Strength, and it limits, are the obsessions of Asbury Fox, the main character in Flannery O’Connor’s short story “The Enduring Chill.” At twenty-five, Asbury returns from New York City to his country hometown a tragic figure”a failed writer, a half-baked ideologue, and a loveless man”who, after trying and failing to control his own life, struggles to control his own death, orchestrating the perfect finale for a misunderstood artist surrounded by tone-deaf cretins and, what’s worse, family.

Asbury is apparently dying of a mysterious chill that has sapped his strength and left him almost unable to move. Although ignorant of the true cause of his illness, Asbury imagines that Art is coming to take his soul as a recompense for a life of genius frustrated by his mother’s provincial narrow-mindedness. But while Art remains distant, he finds himself all too close to an ominous water stain on the ceiling above his bed in the shape of a “fierce bird with spread wings” bearing an icicle in its mouth.

As he worsens, he attempts to craft his death into his last work of art, a last culminating experience that would give meaning to his entire life. He fills two notebooks with “such a letter as Kafka had addressed to his father” that his mother is to discover and read after his death, thereby leaving her with “an enduring chill” about her wretchedness.

He also sends for a Jesuit, whom he hopes to engage in cynical, urbane debate about “the myth of the dying god.” Instead he gets a red-faced, half-blind Father Finn, who knows nothing of Joyce and spends his time grilling Asbury on the Baltimore Catechism, commanding him to pray because “God does not send the Holy Ghost to those who don’t ask for Him.”

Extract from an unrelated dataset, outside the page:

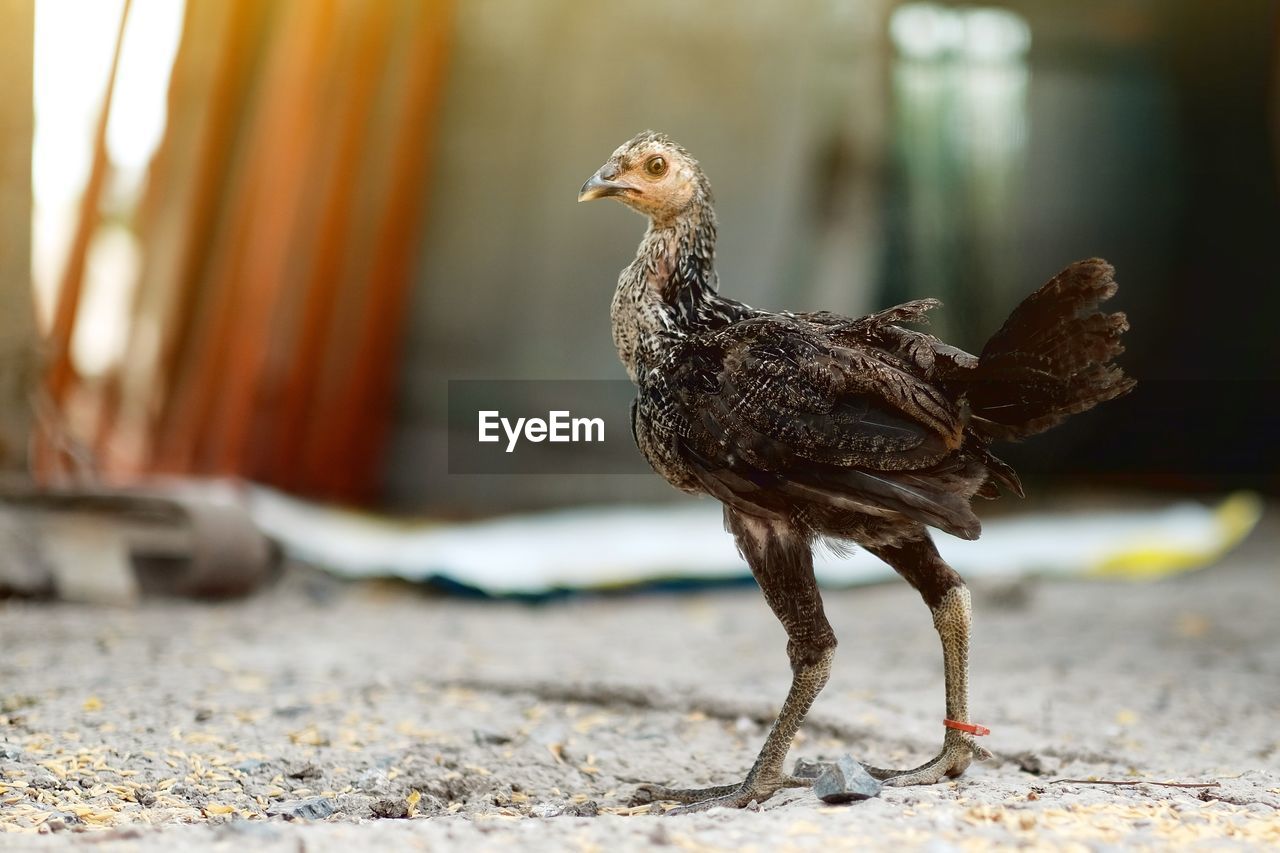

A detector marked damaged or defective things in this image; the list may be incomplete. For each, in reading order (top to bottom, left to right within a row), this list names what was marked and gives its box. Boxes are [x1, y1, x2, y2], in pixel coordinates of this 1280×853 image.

rusty metal pole [0, 0, 38, 473]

His last effort is to express his solidarity with the black farmhands his mother employs. The year before he had made a similar gambit by working in the dairy with them and encouraging them to break his mother’s rules by smoking and drinking fresh raw milk. But his final act fails, too, as the farmhands awkwardly toss off assurances that Asbury looks fine and will be back on his feet in no time.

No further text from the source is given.